DATA FOR THIS TASK:
....
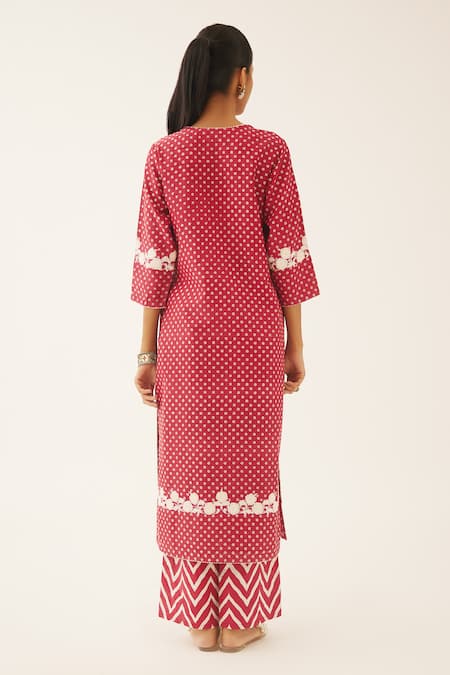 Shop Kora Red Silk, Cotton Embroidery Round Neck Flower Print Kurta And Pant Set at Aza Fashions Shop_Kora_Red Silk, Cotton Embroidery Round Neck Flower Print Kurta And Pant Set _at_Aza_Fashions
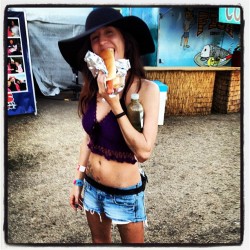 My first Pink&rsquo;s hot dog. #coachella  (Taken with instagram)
....
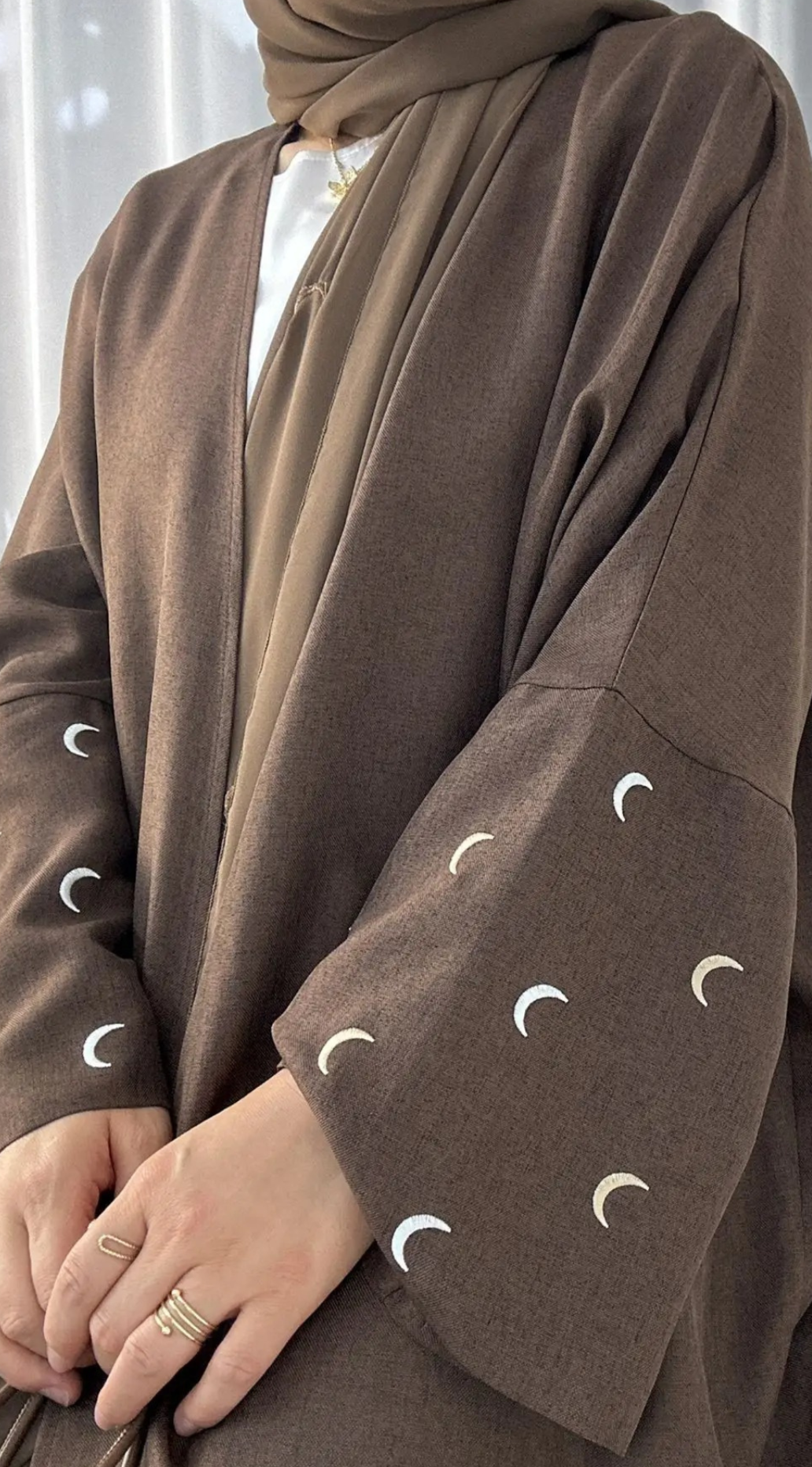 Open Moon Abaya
....
Reproduce the records above exactly, but only from the line with "Shop Kora Red" up to and including the line with "My first Pink&rsquo;s". Leave the pictures out.

 Shop Kora Red Silk, Cotton Embroidery Round Neck Flower Print Kurta And Pant Set at Aza Fashions Shop_Kora_Red Silk, Cotton Embroidery Round Neck Flower Print Kurta And Pant Set _at_Aza_Fashions
 My first Pink&rsquo;s hot dog. #coachella  (Taken with instagram)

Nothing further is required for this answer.